Most of the tests that people conduct are garbage, anyway. ~Whee, look at me, I did a frequency test!~
Break-in with drivers is like break-in with shoes: Takes a while for the fresh-from-factory materials to get into their comfortably flexible place. Are you gonna hear a huge difference? Can you jump higher with an old pair of Nikes than you can with a new pair, or vice versa? Probably not to any appreciable degree. But the tightness of new shoes may translate into discomfort. Similarly, the tightness of new drivers may translate into problems rendering the envelope and phase of a sound.
We are, among other things, talking about the time it takes for the magnet to push the diaphragm into a desired decibel level at a desired frequency.
Check this link, and scroll down until you see some images:
http://www.bbesound.com/technologies/BBE_HDS/
It's a simplified diagram, but gets the point across pretty well. Fighting against the inertia of the magnets, resonance of the diaphragm, tension of the damping, and any other elements inside of a speaker, all contribute to a mis-shapen waveform.
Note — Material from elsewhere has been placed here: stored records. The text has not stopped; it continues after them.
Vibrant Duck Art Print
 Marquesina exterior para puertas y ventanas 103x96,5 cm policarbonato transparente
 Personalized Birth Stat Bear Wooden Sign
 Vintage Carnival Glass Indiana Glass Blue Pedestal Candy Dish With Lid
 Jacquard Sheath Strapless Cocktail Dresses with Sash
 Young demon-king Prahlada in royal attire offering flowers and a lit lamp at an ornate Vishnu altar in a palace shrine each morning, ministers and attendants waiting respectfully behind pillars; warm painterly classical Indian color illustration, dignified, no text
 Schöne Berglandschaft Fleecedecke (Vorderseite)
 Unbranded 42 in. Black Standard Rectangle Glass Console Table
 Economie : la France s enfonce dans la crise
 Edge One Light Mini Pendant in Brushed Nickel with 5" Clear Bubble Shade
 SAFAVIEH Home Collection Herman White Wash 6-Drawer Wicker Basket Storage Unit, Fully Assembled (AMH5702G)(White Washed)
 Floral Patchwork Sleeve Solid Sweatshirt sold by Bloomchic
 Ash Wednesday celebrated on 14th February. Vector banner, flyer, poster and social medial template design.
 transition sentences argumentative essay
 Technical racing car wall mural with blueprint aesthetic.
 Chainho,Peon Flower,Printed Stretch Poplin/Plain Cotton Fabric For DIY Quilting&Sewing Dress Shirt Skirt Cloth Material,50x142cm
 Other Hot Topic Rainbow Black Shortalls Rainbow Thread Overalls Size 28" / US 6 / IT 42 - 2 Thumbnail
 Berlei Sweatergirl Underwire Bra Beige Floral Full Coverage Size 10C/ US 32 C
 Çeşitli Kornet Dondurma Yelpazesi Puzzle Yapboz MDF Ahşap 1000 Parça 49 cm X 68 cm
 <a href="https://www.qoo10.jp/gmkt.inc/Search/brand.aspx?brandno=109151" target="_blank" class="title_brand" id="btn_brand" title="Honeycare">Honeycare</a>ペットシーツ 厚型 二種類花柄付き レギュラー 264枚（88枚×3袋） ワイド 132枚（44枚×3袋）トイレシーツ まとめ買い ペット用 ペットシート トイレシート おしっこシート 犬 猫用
Mis-shapen, but when averaged out on a frequency response plot, it still hits the desired frequency at the desired amplitude.
To my knowledge, there are few or no Standardized Scientific Tests™ which reliably put a headphone through its paces on those teeeeensy tiny details; the things that go beyond generalized frequency and amplitude.
So. This doesn't solve the riddle, you know? But it at least gives a hint that there's more to it than pure imagination. I'm not saying that a lot of 'burn-in' experiences
aren't pure imagination -- just saying that frequency response tests by their very nature do not account for the kinds of details which burn-in would be affecting.